# applicator heads



## sdrdrywall (Sep 4, 2010)

Does anyone use the mud applicator heads instead of hopper for paper faced bead ? I thought it would be faster with the mudrunner


----------



## cazna (Mar 28, 2010)

sdrdrywall said:


> Does anyone use the mud applicator heads instead of hopper for paper faced bead ? I thought it would be faster with the mudrunner


Put one on a tube, they go great, I use one, I think 2buck does too, Mudrunners ok but the mud needs to be thin or it will stall, Tube is faster and you dont need to get the pump out, A bucket piston is very handie for this method SDR :thumbsup:


----------



## 2buckcanuck (Jul 9, 2010)

I find the applicators are way faster in IMO, and cleaner on the hands.

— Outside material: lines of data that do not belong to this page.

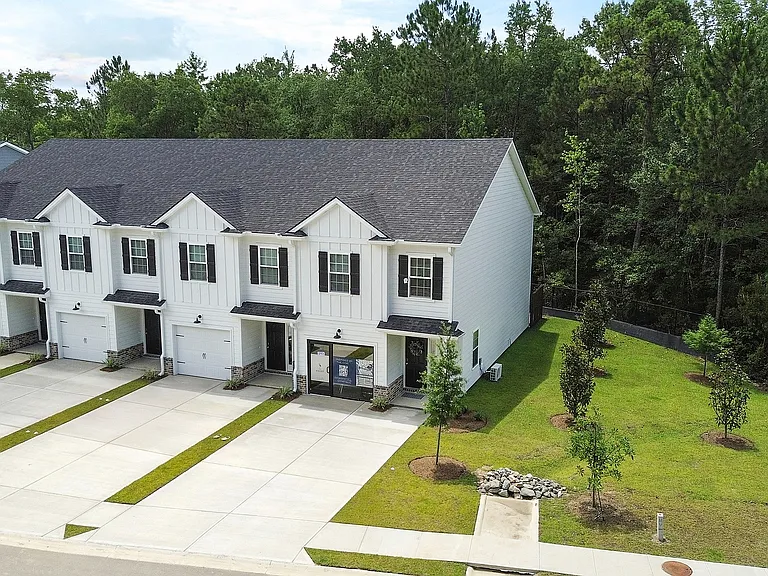 102 Lusk Ln — Photo 3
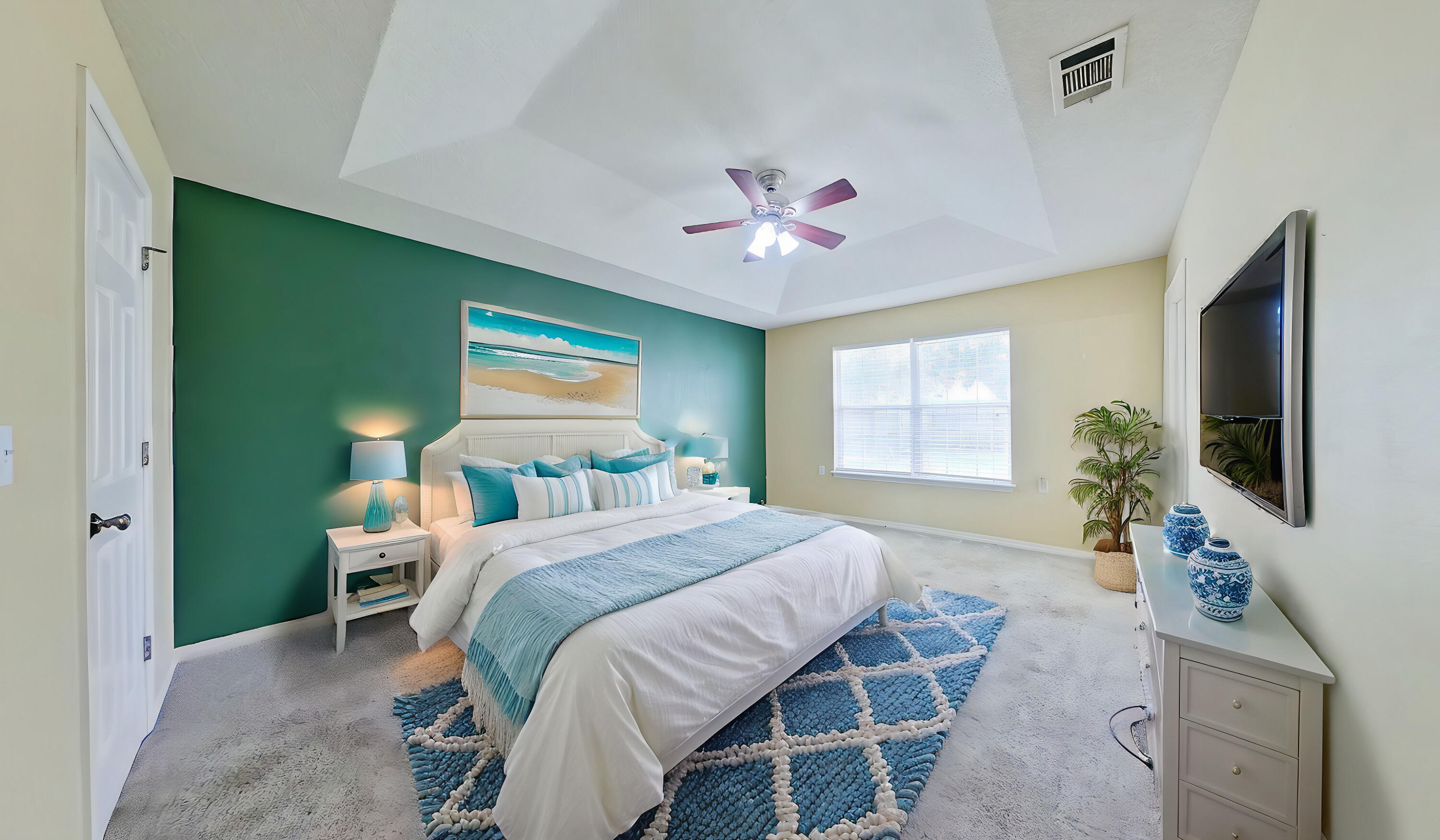 LIGHTHOUSE POINTE - Residential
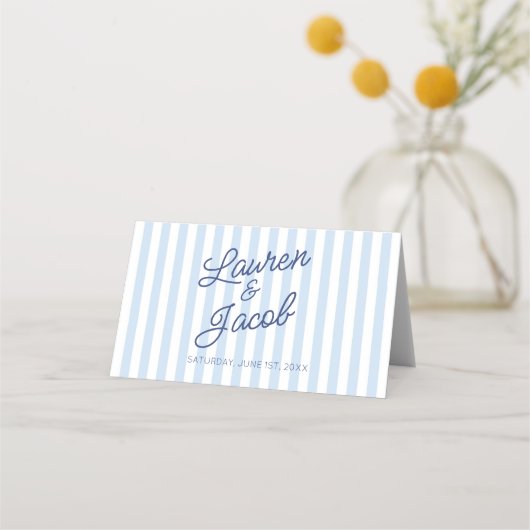 Modern Minimal Minimalist Blue Stripes Wedding プレイスカード (裏面)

I feel the hopper is too slow and too much walking, not good in higher areas, and who wants to handle 12' long beads full of mud when you can handle them empty.

I just use a compound tube, I have seen guys use the angle box, and cazna knows more about the mudrunner than me, so he gave you that answer

here's the old link http://www.drywalltalk.com/f9/corner-bead-applicator-1520/

I can't remember what was said in there, but justme switched to them and he likes them better, maybe he will tell you what he thinks, also


----------